**WORK TO COMPLETE**.
Repeat the records below line by line, exactly, finishing on the line that contains "kitchen featuring dishwasher, pendant".

===== MATERIAL FOR THIS TASK

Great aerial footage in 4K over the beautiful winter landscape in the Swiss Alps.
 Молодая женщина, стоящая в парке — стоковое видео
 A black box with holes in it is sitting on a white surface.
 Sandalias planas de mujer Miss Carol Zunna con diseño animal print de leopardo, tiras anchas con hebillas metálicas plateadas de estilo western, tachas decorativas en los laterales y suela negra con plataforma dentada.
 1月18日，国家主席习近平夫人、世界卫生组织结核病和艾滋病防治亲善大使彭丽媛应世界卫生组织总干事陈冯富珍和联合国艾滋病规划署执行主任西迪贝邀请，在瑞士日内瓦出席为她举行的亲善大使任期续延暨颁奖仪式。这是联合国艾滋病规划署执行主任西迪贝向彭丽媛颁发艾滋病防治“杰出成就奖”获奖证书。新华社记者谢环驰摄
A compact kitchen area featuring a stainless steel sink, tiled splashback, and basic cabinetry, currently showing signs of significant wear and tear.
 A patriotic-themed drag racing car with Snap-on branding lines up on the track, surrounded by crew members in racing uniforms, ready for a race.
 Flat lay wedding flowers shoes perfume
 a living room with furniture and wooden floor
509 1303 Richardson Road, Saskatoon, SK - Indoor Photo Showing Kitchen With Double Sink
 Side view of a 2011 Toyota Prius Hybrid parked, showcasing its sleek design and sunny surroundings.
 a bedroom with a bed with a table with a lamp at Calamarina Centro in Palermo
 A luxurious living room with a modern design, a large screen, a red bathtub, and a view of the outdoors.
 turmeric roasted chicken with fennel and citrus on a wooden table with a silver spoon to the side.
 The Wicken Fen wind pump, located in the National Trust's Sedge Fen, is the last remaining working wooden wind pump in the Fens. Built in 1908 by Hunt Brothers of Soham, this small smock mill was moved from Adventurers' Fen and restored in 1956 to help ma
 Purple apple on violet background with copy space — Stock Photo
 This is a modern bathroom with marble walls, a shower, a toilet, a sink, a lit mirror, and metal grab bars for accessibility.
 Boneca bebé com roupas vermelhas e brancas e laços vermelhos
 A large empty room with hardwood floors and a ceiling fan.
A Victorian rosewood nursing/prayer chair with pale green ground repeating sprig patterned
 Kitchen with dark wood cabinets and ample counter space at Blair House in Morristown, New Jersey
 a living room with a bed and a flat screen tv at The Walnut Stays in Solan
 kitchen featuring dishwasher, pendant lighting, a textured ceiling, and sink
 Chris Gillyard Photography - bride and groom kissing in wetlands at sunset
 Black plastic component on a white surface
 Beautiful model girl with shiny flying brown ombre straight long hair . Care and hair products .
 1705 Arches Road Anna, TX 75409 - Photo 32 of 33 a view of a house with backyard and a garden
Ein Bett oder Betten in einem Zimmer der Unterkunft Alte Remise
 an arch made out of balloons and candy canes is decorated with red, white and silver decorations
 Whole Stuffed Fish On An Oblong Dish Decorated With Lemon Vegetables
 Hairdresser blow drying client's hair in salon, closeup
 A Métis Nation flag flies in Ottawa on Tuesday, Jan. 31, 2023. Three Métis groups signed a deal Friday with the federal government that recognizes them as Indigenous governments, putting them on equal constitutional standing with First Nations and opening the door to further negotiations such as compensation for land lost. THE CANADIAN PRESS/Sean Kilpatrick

==========

**TASK RESPONSE**.
Great aerial footage in 4K over the beautiful winter landscape in the Swiss Alps.
 Молодая женщина, стоящая в парке — стоковое видео
 A black box with holes in it is sitting on a white surface.
 Sandalias planas de mujer Miss Carol Zunna con diseño animal print de leopardo, tiras anchas con hebillas metálicas plateadas de estilo western, tachas decorativas en los laterales y suela negra con plataforma dentada.
 1月18日，国家主席习近平夫人、世界卫生组织结核病和艾滋病防治亲善大使彭丽媛应世界卫生组织总干事陈冯富珍和联合国艾滋病规划署执行主任西迪贝邀请，在瑞士日内瓦出席为她举行的亲善大使任期续延暨颁奖仪式。这是联合国艾滋病规划署执行主任西迪贝向彭丽媛颁发艾滋病防治“杰出成就奖”获奖证书。新华社记者谢环驰摄
A compact kitchen area featuring a stainless steel sink, tiled splashback, and basic cabinetry, currently showing signs of significant wear and tear.
 A patriotic-themed drag racing car with Snap-on branding lines up on the track, surrounded by crew members in racing uniforms, ready for a race.
 Flat lay wedding flowers shoes perfume
 a living room with furniture and wooden floor
509 1303 Richardson Road, Saskatoon, SK - Indoor Photo Showing Kitchen With Double Sink
 Side view of a 2011 Toyota Prius Hybrid parked, showcasing its sleek design and sunny surroundings.
 a bedroom with a bed with a table with a lamp at Calamarina Centro in Palermo
 A luxurious living room with a modern design, a large screen, a red bathtub, and a view of the outdoors.
 turmeric roasted chicken with fennel and citrus on a wooden table with a silver spoon to the side.
 The Wicken Fen wind pump, located in the National Trust's Sedge Fen, is the last remaining working wooden wind pump in the Fens. Built in 1908 by Hunt Brothers of Soham, this small smock mill was moved from Adventurers' Fen and restored in 1956 to help ma
 Purple apple on violet background with copy space — Stock Photo
 This is a modern bathroom with marble walls, a shower, a toilet, a sink, a lit mirror, and metal grab bars for accessibility.
 Boneca bebé com roupas vermelhas e brancas e laços vermelhos
 A large empty room with hardwood floors and a ceiling fan.
A Victorian rosewood nursing/prayer chair with pale green ground repeating sprig patterned
 Kitchen with dark wood cabinets and ample counter space at Blair House in Morristown, New Jersey
 a living room with a bed and a flat screen tv at The Walnut Stays in Solan
 kitchen featuring dishwasher, pendant lighting, a textured ceiling, and sink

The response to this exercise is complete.